I've only been on the mailing list a short time, but it's sure opening my eyes to the community and its concerns.
What you're talking about is a type of "moderated articlespace". That could work, and in fact, would be a great idea with a proper system. You'd probably need to have a small team of volunteers willing to act as moderators for each article (of course, people would be moderating much more than a single "protected article"). The current {{protected}} system is good for protecting the article so that only admins can edit it, so if the moderators were admins, that would work. But I don't know how much work that would add for the admins. Perhaps moderators should be granted limited "admin" access to the moderated articles they are working on so they can edit the protected article according to the Talk pages.
Cheers,
DP.
Jake Waskett wrote:
Ok, Jimbo, you're right. Let me amend my earlier statement: on the whole, the system is working, but in a few articles, it is not. Now, the question is this: what can be done about the problem?
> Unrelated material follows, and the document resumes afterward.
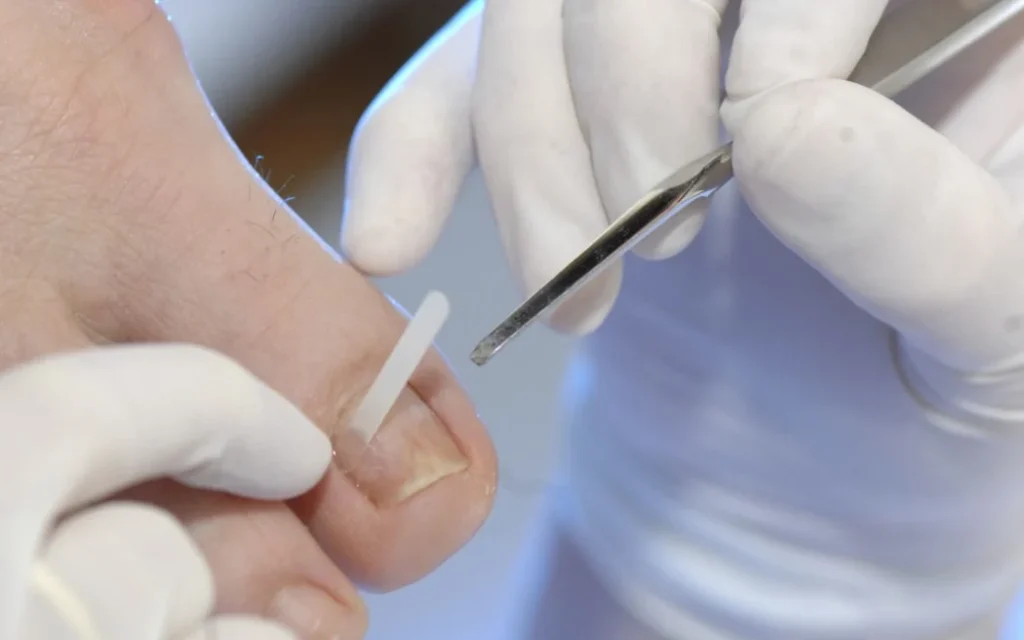 PEDICURE Photo essay from health professional's office. Photo essay in a podiatry surgery. Cares of podiatry. Orthonyxia placement of a strip on the nail to correct the curve. JOSE OTO / BSIP (Photo by JOSE OTO / BSIP / BSIP via AFP)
One solution that I favour is to have permanent protection on targetted pages, and have a nominated admin apply changes that are agreed upon by vote on the article's talk page.
What do others think?
Jake.
On Monday 07 February 2005 01:48, Jimmy (Jimbo) Wales wrote:
Jake Waskett wrote:
The simple truth is this: if Wiki is to become a credible, serious encyclopaedia, we *must* maintain NPOV. These groups *oppose* NPOV.
Yes!
What can be done about it? The present system is simply *not* *working*. It'll handle the occasional abuse here and there, but the day-by-day, determined, and methodical twisting of articles to suit some activist agenda seems impossible to stop.
I am aware of only 3 instances where this (organized groups trying to undermine NPOV editing) is a problem: LaRouche-related articles, circumcision, and this new thing with the stormfront postings and VfD co-ordination.
I think this is a serious problem, and one which we have long feared. But we need not overreact. The system *is* working in the main, and where there are new problems (such as those aptly described by Slim Virgin in discussion the pseudo-NPOV of the LaRouche edit warriors), we can be confident in our ability to devise new solutions.